The terrain alone presents obstacles, she said.

“Most of it isn’t accessible by ambulance, and the nearest trauma center is an hour away by ground,” said Dr. Wong, who volunteers for ACEP as Chair of the Tactical Emergency Medicine Section and officer in the Event Medicine Section. “Anything can be a challenge. We had a cardiac arrest during a Spartan race there on a steep hill where an ambulance couldn’t reach. A tiny local EMS agency had built these ATV-pulled stretchers, and that’s how we got him out. He survived. Two years later, he came back and ran the race again.”

For Dr. Wong, the appeal of event medicine lies in problem-solving.

“There’s no manual for this,” she said. “Every event is different. You innovate, anticipate what might happen, and build solutions. That’s what’s fun about it. You want people to have fun, because that’s socially important. But you also want to keep them safe.”

Not every emergency physician planned to enter this niche. Dr. Prest didn’t. Early in her career, she thought she would pursue orthopedics or sports medicine. But during her residency at Indiana University, she was exposed to event medicine at the Indianapolis 500, Indianapolis Colts games, and marathons. She was hooked.

“What I loved about it was the infrastructure, the planning of who’s there, where they’re placed, what kind of medical you have on site,” Dr. Prest said. “I have a very administrative brain, so I loved the problem-solving. And then the medicine itself was just so different. You’re resourceful, you’re collaborating, and you’re doing it in an environment that’s fun.”

When she relocated to Michigan, Dr. Prest pursued opportunities persistently, eventually joining the medical team at Electric Forest. Across events, certain patterns emerge, she said. Heat illness, dehydration, intoxication, and minor injuries are most common. Yet the possibility of cardiac arrest is always present.

Mr. Diienno said he has seen it all. His teams prepare for mass casualty incidents, ranging from crowd crushes to unexpected hazards. At Bonnaroo, one health care emergency came not from patrons but his own staff when a paramedic’s RV filled up with carbon monoxide gas.

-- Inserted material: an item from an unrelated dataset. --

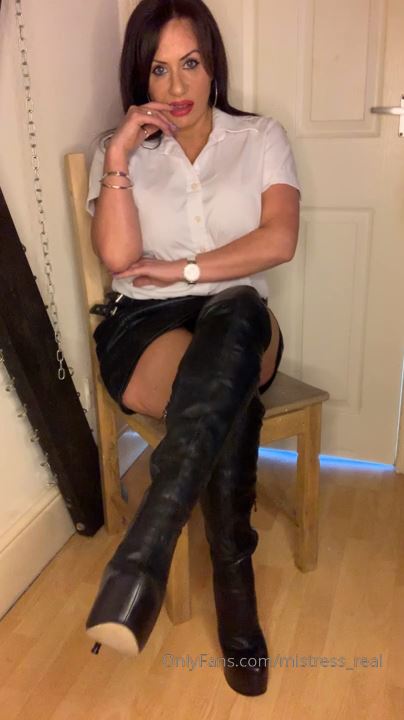 Pov No2 - Putting On My Leather Thigh High Boots   Wearing A White Shirt - MISTRESS REAL - HD/720p/MP4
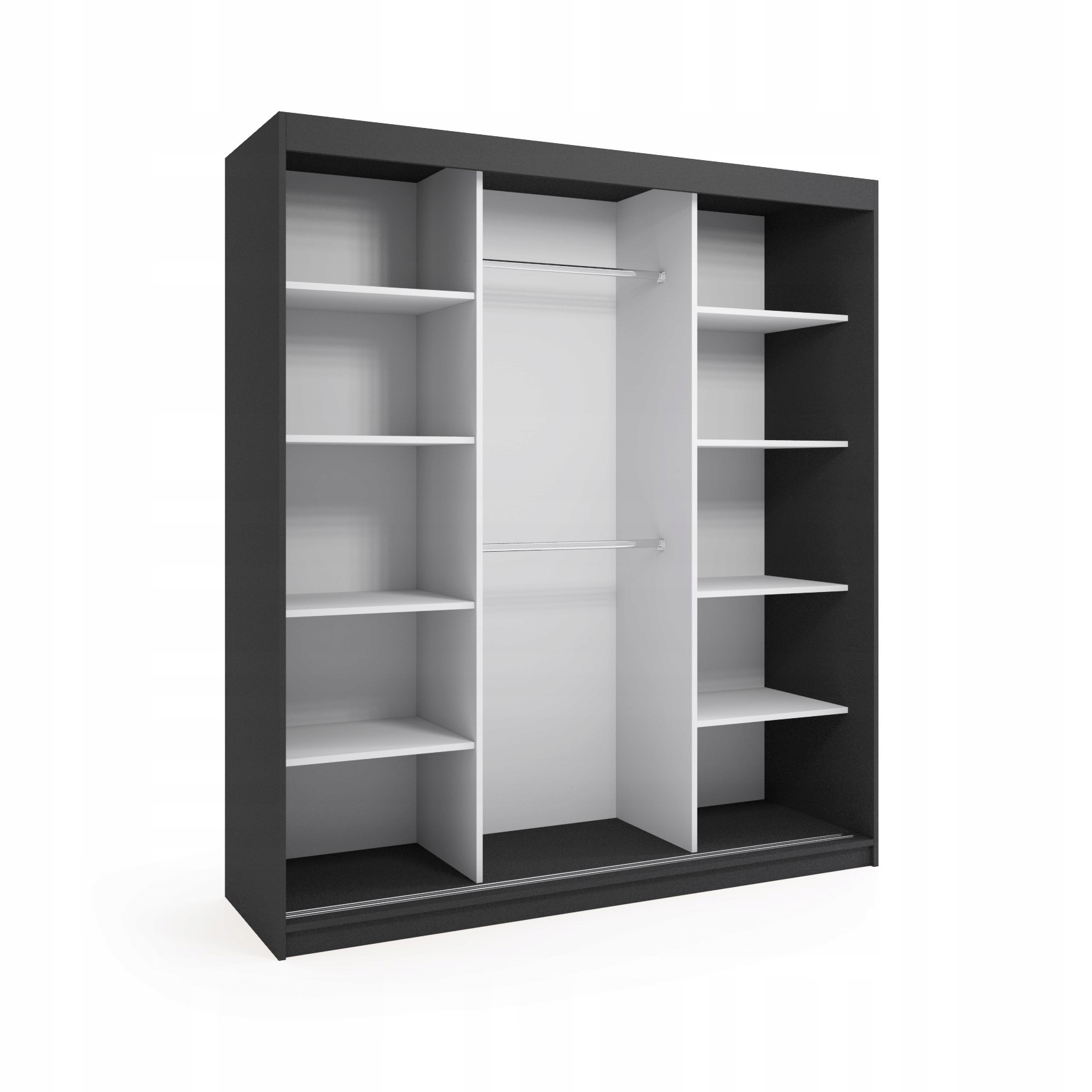 Szafa przesuwna trzydrzwiowa - MOLI Czarna 250 x 205 cm, 16 mm - obrazek 5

Four staff members fell unconscious inside. Luckily, a manager banged on the door when they didn’t show for their shift. They were treated on site.

That incident underscored just how quickly things can turn, he said.

This is one of the reasons Dr. Wong doesn’t love event medicine, although it would appear so since she’s logged 25 years’ worth of experience working in it. She worries too much.

“I do it because there’s a need.” she said. “These events are important socially, and if we can make them safer, that’s worth it.”

For Dr. Prest, it’s about joy.

“I like medicine best when it’s collaborative, resourceful, and connected to the community,” she said. “Event medicine gives me that. It’s fun. It’s meaningful. And it lets me practice medicine in a way that feels different from the everyday grind of the ED.”

Whether it’s a Boy Scout event in the hills of West Virginia, a forest in Michigan, or a music festival in Tennessee, working these events on the medical team blends unpredictability and preparation. Emergency physicians, Dr. Wong said, are uniquely prepared for this type of medicine.

When the preparation is solid and the medical team is fast, experienced, and well-equipped, Mr. Diienno said the medical tent becomes a place people at a festival see as a safety net, much like residents of a community.

“Our job is to keep people safe so they can have fun,” he said. “If we’ve done that, then we’ve done our job.”